Task instructions: Collect every line in the records below that contains the word "Pendant".

[Stored dataset items]
= = = = =

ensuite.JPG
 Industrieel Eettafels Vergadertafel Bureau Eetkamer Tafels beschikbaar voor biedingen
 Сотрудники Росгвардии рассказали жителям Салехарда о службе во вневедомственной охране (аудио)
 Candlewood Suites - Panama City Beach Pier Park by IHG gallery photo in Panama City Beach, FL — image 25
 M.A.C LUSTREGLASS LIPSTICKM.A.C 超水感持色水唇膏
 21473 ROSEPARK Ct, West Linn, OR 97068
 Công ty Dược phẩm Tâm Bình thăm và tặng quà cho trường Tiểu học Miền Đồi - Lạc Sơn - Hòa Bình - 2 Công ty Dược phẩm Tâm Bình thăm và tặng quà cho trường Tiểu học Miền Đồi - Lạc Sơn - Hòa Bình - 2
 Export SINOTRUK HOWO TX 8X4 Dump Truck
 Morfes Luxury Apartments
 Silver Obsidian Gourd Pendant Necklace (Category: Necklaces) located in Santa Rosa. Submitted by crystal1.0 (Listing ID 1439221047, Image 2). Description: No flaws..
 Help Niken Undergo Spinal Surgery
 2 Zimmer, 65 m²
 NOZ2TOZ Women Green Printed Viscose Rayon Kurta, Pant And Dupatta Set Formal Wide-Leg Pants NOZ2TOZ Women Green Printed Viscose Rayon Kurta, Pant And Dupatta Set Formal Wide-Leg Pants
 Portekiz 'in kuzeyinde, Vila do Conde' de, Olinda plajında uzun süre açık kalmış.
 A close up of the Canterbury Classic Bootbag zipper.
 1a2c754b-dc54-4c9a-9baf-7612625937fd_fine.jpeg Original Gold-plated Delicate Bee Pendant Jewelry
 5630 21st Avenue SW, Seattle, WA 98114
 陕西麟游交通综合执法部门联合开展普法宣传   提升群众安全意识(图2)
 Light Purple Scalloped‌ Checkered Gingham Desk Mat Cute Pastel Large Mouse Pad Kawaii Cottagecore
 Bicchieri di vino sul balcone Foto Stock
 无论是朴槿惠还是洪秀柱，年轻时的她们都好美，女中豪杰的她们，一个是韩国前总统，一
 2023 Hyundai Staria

= = = = =

Completed task:
 Silver Obsidian Gourd Pendant Necklace (Category: Necklaces) located in Santa Rosa. Submitted by crystal1.0 (Listing ID 1439221047, Image 2). Description: No flaws..
 1a2c754b-dc54-4c9a-9baf-7612625937fd_fine.jpeg Original Gold-plated Delicate Bee Pendant Jewelry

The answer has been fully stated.